Lee, on the other hand, would say, "I'll live happily ever after when I'm dead." So you know, those guys have two more books coming, and probably one more after that, and when I'm ninety I'll be writing about them arguing about the holovision volume in the retirement home and whether to get a prosthetic tail or not. Unless they get worn out. Unless they stop coming to me and demanding attention. And then I'll turn to someone else (what up, Sol?).

Because that's the other thing about characters, the thing every writer has to remember: if the character isn't right, you can always make a new one.

Just do it with care. Because if you don't care about your characters, how can you expect your readers to?

-------------
Thought i would share cause bot all of you are foloowing Kyell on FA. This was jut copy and pasted cause some of you might not want to be bothered following a link.
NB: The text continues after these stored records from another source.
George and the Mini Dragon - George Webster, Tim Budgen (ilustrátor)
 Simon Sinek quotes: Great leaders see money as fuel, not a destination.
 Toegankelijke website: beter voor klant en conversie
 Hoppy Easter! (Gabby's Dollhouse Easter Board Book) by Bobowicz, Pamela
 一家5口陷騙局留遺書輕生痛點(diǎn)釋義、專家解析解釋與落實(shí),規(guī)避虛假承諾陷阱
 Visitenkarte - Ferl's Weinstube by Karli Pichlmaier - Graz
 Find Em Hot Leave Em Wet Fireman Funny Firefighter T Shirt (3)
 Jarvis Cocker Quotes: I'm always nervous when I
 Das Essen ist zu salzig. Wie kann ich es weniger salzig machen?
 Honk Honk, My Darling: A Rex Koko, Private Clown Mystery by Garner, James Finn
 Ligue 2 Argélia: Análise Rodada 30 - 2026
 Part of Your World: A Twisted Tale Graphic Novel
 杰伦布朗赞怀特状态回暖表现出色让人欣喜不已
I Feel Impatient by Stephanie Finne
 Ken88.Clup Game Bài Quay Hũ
I agree with all of his points, and most people (even myself) forget a lot of these. So what do y'all think about this?


----------



## Friday (Aug 11, 2013)

I think Kyell Gold is an excellent person to listen to when it comes to creating and writing characters. Dev, Lee, Kory, Samaki, Sol, and all the rest, are memorable, unique, and strong characters. It's what I loved about his work when I first started reading it, and what inspired me to start writing.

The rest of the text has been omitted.